Figure 13.7 Organic Processing Industry
Source: Philip H. Howard, “Organic Processing Industry Structure,” Michigan State University, accessed August 2, 2011, https://www.msu.edu/~howardp./organicindustry.html.
The organic food industry has continued to grow. Two companies who are standouts in organic food markets are Whole Foods Market and Walmart. Founded in 1980, Whole Foods Market reported $9 billion in sales for 2010. Whole Foods was the leading US retailer for organic and natural foods with 304 stores in the United States, Canada, and the United Kingdom. Walmart has made a major investment in organic foods in its retail and club stores in what is viewed by many as a tipping point for the organic industry and a favorable signal for continued long-term industry growth.
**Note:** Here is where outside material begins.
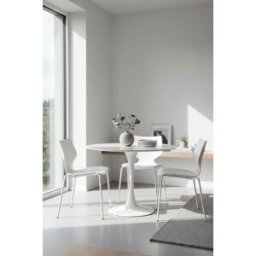Presentes Miguel Mesa Kolio 110 cm - Branco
Walmart’s entry into organic and natural foods threatened the organics supply chain, as it lowered prices paid to family farms. Another issue is climate-change impacts on water and crops, which are expected to continue to drive organic ingredients prices up. Another trend impacting the organics market is the aging US population, with its growing concern about health.
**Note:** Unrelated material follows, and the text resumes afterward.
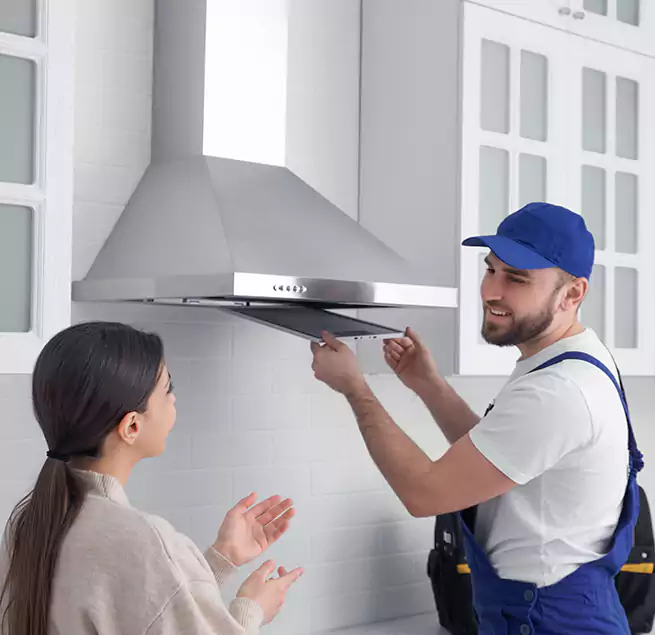 Why Homeowners & Businesses Trust Us in West Falls Church, VA?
Overall demand for yogurt has been growing and new yogurt categories have been rapidly emerging, especially products aimed exclusively for women, kids, and the elderly.Ted Reinsteon, “It’s Crazy Out There,” Thebostonchannel.com, April 23, 2011, accessed August 17, 2011, http://www.thebostonchannel.com/index.html. For example, since 2002, product introductions targeted to children included Breyers’ YoCrunch, Stonyfield’s YoBaby and YoKids, and Yoplait’s Scooby Doo–inspired “Ro-gurt.”
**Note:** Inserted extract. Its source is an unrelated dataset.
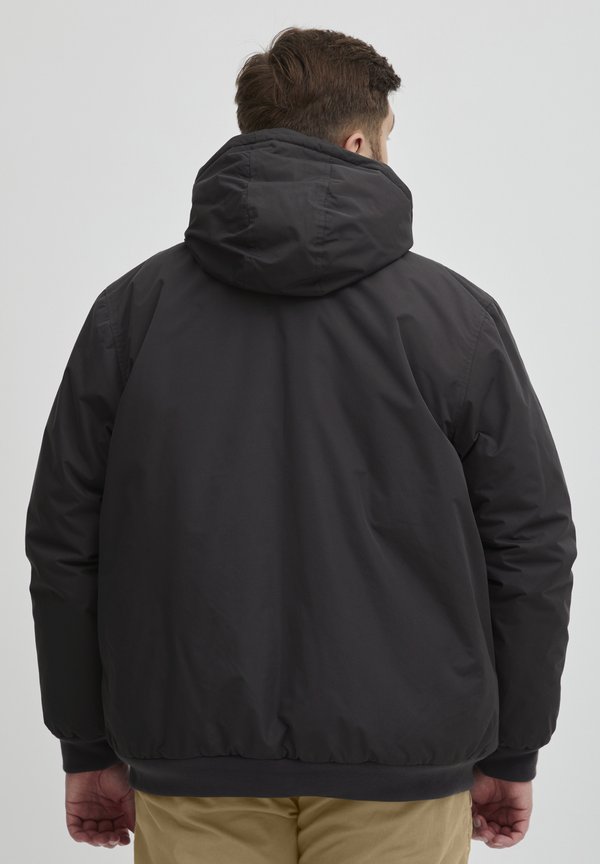 BHBELEON - Winter jacket2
By 2011, Greek yogurt emerged as the single most competitive battlefield in the $6.8 billion yogurt industry. Euromonitor International projected Greek yogurt sales to nearly double to $1.5 billion in 2011, up from $60 million in 2006.Stuart Elliott, “Chobani, Greek Yogurt Leader, Lets Its Fans Tell the Story,” New York Times, February 16, 2011, accessed August 17, 2011, http://www.nytimes.com/2011/02/17/business/media/17adco.html. Analysts reported that sales of Greek yogurt were increasing faster than for regular yogurt because many consumers perceive Greek yogurt—thicker, creamier, less sweet, and with more protein—to be healthier than regular yogurt.
Two companies drove most of this growth, Chobani, owned by privately held Agro Farma, Inc., and Fage, S.A., a Greek dairy company. The trend toward Greek yogurt started in early 2000s when Fage entered the US market, but Chobani is the market leader going from nonexistence four years ago to 2010 sales of approximately $500 million. Kraft Foods discontinued its yogurt business in 2007 only to reenter the industry in 2010 with its Greek yogurt Athenos.
Rapid Greek yogurt growth caught General Mills (owner to the US Yoplait rights) and Danone by surprise. Danone and General Mills were fierce rivals with number one and two in US yogurt sales, respectively. Consumers not only found Greek yogurt to be a healthy alternative to regular yogurt, but they were willing to pay a premium price for it.